Une des choses qu’avaient montrées les résultats du 1er tour de l’élection présidentielle du 21 avril 2002, c’est que l’extrême droite, et en France le Front national, pouvait être un bénéficiaire direct de la crise du capitalisme.
Article paru dans l’Egalité n°103
Désorientés, démoralisés par la politique de gestion du capitalisme du PS et du PCF qui s’est traduite par une aggravation des conditions de vie, des millions d’anciens électeurs de « gauche » ont pris l’habitude de voter, pour diverses raisons, pour le FN. Certains ont succombé à la propagande raciste du parti de Le Pen que les gouvernements de gauche et de droite ont si bien légitimés par leurs politiques discriminatoires et sécuritaires. Mais la vraie raison de fond reste celle-ci : les politiques pro-patronales menées par les partis que les travailleurs considéraient comme les leurs (PS et PCF), les ont démoralisées et donné envie de « secouer ce système ». Plus de 30% des ouvriers de l’industrie qui ont voté (il y a eu près de 50 % d’abstention dans cette catégorie) ont porté leurs voix sur Le Pen.

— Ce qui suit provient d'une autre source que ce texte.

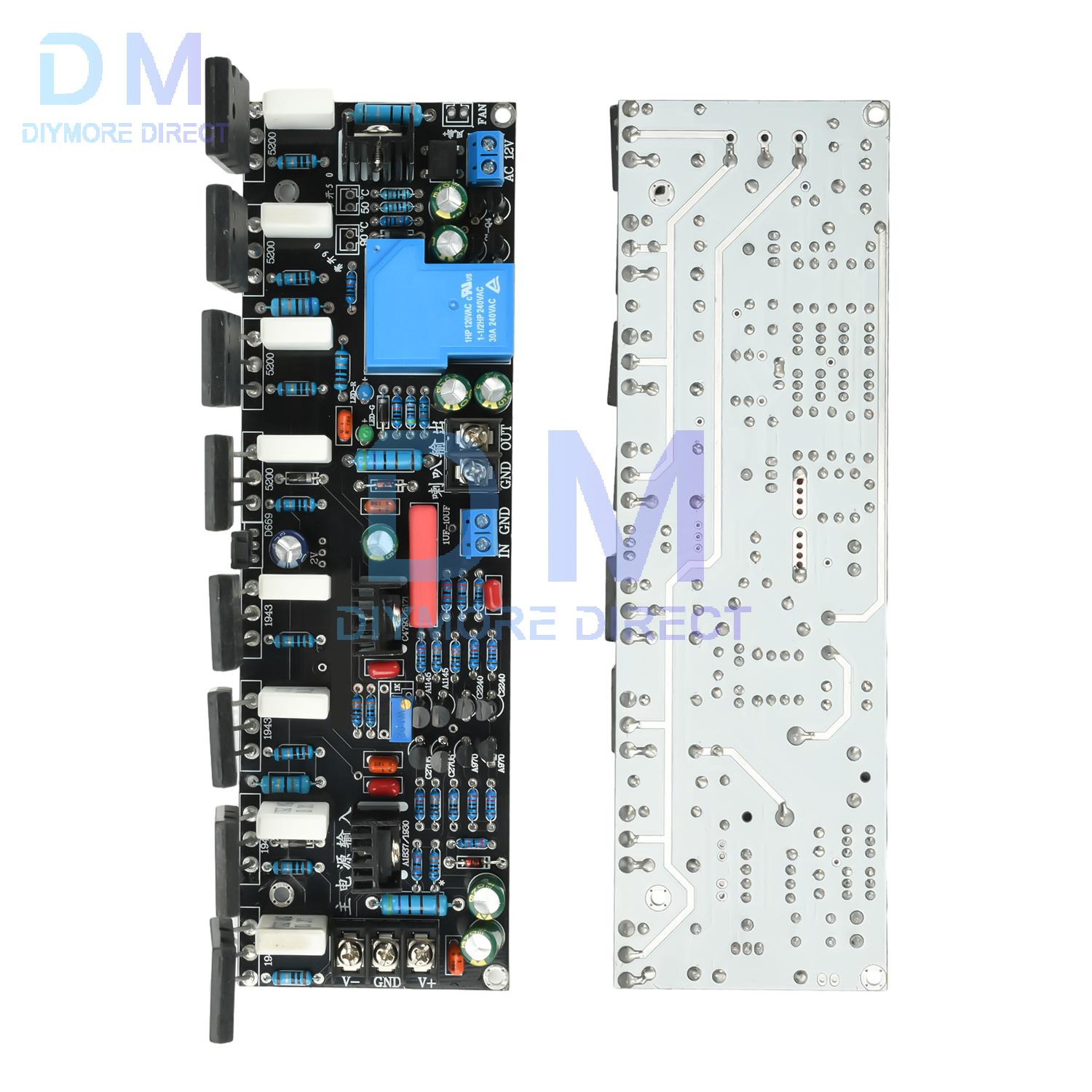 400W Post Amplifier Board Mono Power Amplifier with Horn Protection A1943/C5200 High Power Audio for DIY Speakers Home Theater
400W Post Amplifier Board Mono Power Amplifier with Horn Protection A1943/C5200 High Power Audio for DIY Speakers Home Theater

Le 21 avril a été un avertissement, l’expression d’un rejet de ce système. C’est un phénomène que l’ont retrouve dans la plupart des pays d’Europe, qui a vu la parti de Haider, le FPÖ, participer au gouvernement en Autriche. En Angleterre, malgré un mode de scrutin défavorable, le BNP (British National Party) a désormais plus de 10 conseillers municipaux. En Belgique, le Vlaams Block (nationaliste flamand, très violent à l’encontre des organisation du mouvement ouvrier) a encore progressé aux dernières élections (22% à Gand par exemple), et le Front National, groupuscule d’extrême droite mais qui a bénéficié de son nom grâce au score de Le Pen l’an passé, a fait 9% en Wallonie (partie francophone de la Belgique).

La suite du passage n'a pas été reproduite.